1.conv_forward_naive

首先根据题目中给出的信息,确定卷积核尺寸(数量、通道、高、宽)

N, C, H, W = x.shape
F, C, HH, WW = w.shape

(1)算出输出尺寸(直接按公式来写)

H_out = int(1 + (H + 2 * pad - HH) / stride)
W_out = int(1 + (W + 2 * pad - WW) / stride)
out = np.zeros((N, F, H_out, W_out))

(2)zero padding

    """
    np.pad(array, pad_width, mode)
    @-array: 要填充的数组
    @-pad_width: 表示每个轴(axis)边缘需要填充的数值数目。
    参数输入方式为:((before_1, after_1),...(before_N, after_N)),其中(before_1,after_1)表示第一轴两边缘分别填充before_1个和after_1个数值。
    @-mode: 表示填充的方式
      填充方式:
      'constant'--- 表示连续填充相同的值,每个轴可以分别指定填充值,constant_values=(x, y)时前面用x填充,后面用y填充,缺省值充0
    """
    x_pad = np.pad(x, ((0, 0), (0, 0), (pad, pad), (pad, pad)), mode='constant', constant_values=0)

(3)卷积操作

 在每个通道上,按照stride移动卷积核与对应区域进行点乘,然后求和

    (x, w, b, conv_param) = cache
    stride, pad = conv_param['stride'],conv_param['pad']
    N, C, H, W = x.shape
    F, C, HH, WW = w.shape
    
    H_out = int(1 + (H + 2 * pad - HH) / stride)
    W_out = int(1 + (W + 2 * pad - WW) / stride)
    out = np.zeros((N, F, H_out, W_out))

获得对应区域:

x_pad_mask = x_pad[:, :, i*stride:i*stride+HH, j*stride:j*stride+WW] #(:, :, HH. WW)
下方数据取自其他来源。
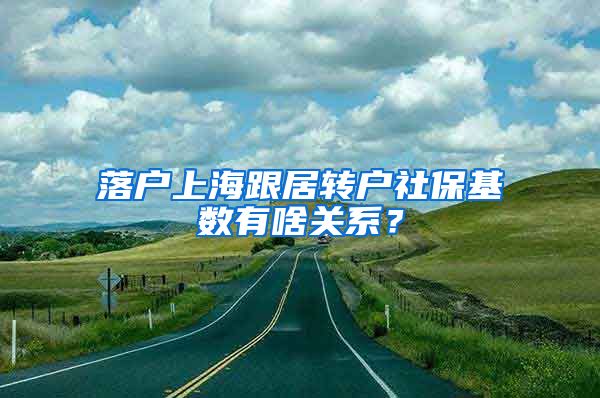 落户上海跟居转户社保基数有啥关系？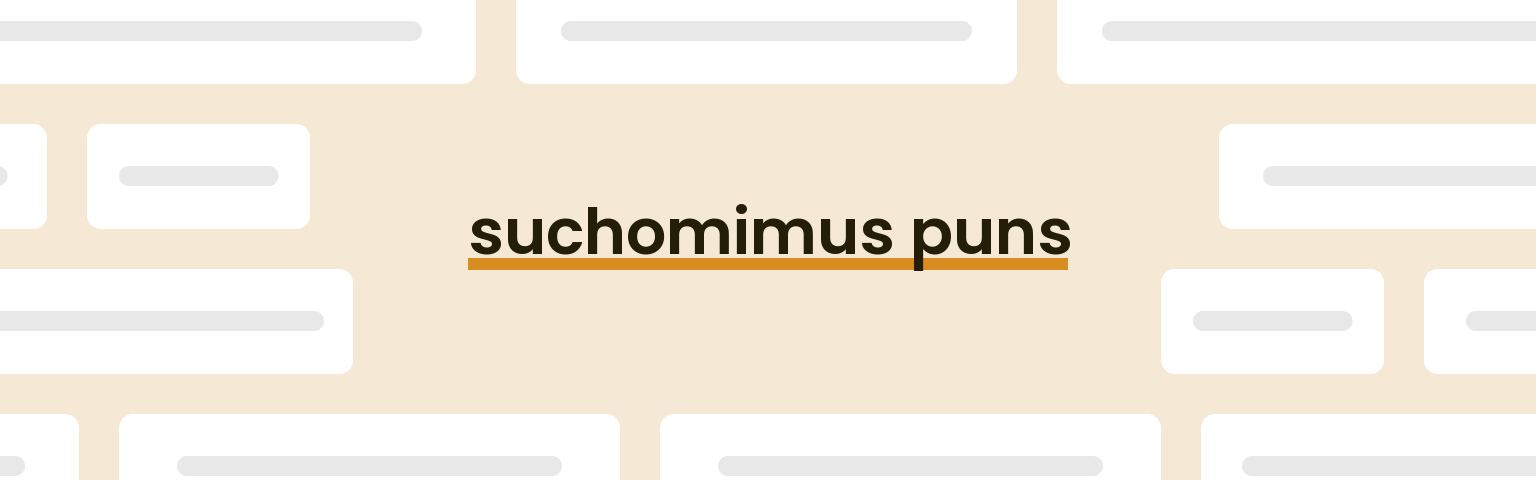 suchomimus-puns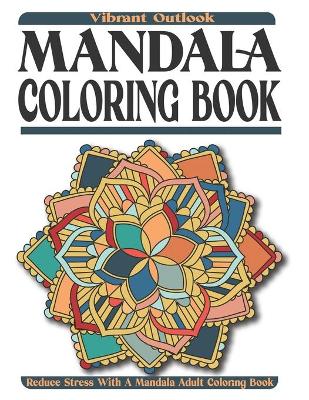 Book cover for Vibrant Outlook Mandala Coloring Book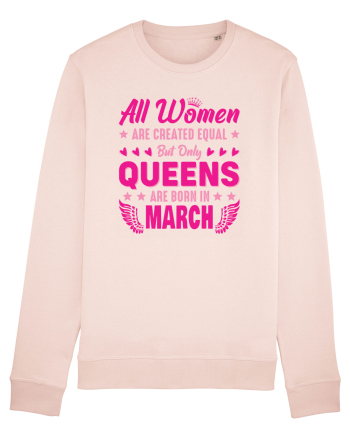 All Women Are Equal Queens Are Born In March Candy Pink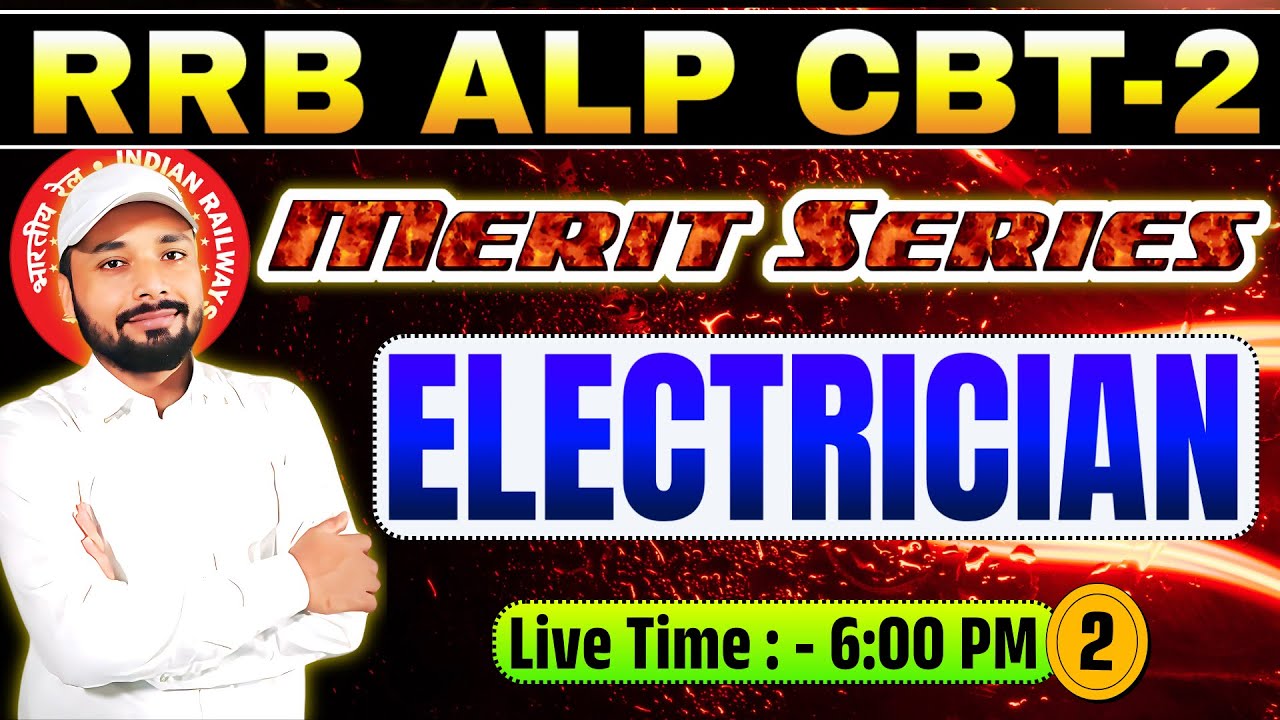 🚆ELECTRICIAN TRADE || ALP CBT-2 EXAM 2025 || MERIT SERIES || TRADE QUESTION || Er. S K Jha Sir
注意我们求和是在(C, H, W)上进行,所以axis=(1, 2, 3)

for k in range(F):
  #卷积
  out[:, k, i, j] = np.sum(x_pad_mask * w[k, :, :, :], axis=(1,2,3))

最后加上偏置项:

out += b[None, :, None, None]#None相当于 numpy.newaxis,将bias改为与输出同维度数,然后broadcast

2.conv_backward_naive

首先还是得到各种尺寸信息:

(x, w, b, conv_param) = cache
stride, pad = conv_param['stride'],conv_param['pad']
N, C, H, W = x.shape
F, C, HH, WW = w.shape
    
H_out = int(1 + (H + 2 * pad - HH) / stride)
W_out = int(1 + (W + 2 * pad - WW) / stride)
out = np.zeros((N, F, H_out, W_out))

db

db最好求,还是对dout求和进行,注意尺寸一致即可:

#db 注意db与b的形状一致,求和就好
#b为(F,)
db = np.sum(dout, axis=(0,2,3))

dx

在上一篇中我们已经推导出dx与dw的计算公式

dx为dout在padding后与旋转180°的卷积核进行卷积,注意尺寸

x_padded_mask = x_pad[:, :, i*stride:i*stride+HH, j*stride:j*stride+WW] #(:, :, HH, WW)
for n in range(N):
                dx_pad[n, :, i*stride:i*stride+HH, j*stride:j*stride+WW] += np.sum((dout[n, : , i, j])[:, None, None, None] * w, axis=0)

最后将dx周围的pad去掉

dx = dx_pad[:,:,pad:-pad,pad:-pad]

dw

由推导得,dw为dout与x对应区域进行卷积

for k in range(F):
    dw[k, :, :, :] += np.sum((dout[:, k , i, j])[:, None, None, None] * x_padded_mask, axis=0)

3.max_pool_forward_naive

取得尺寸数据与确定输出尺寸大小:

  pool_height, pool_width, stride = pool_param['pool_height'], pool_param['pool_width'], pool_param['stride']
  N, C, H, W = x.shape
  #shape of out
  H_out = int(1 + (H - pool_height) / stride)
  W_out = int(1 + (W - pool_width) / stride)
  out = np.zeros((N, C, H_out, W_out))

选择对应pooling区域中max值

    for i in range(H_out):
        for j in range(W_out):
	    #stride
            x_padded_mask = x[:, :, i*stride:i*stride+pool_height, j*stride:j*stride+pool_width] #(:, :, HH, WW)
	    #find max
            out[:, :, i, j] = np.max(x_padded_mask, axis=(2,3))

4.max_pool_backward_naive

依旧是获取并计算尺寸相关;获取最大值位置,该位置有最大值为1,否则为0,接下来得反向传播与RELU类似。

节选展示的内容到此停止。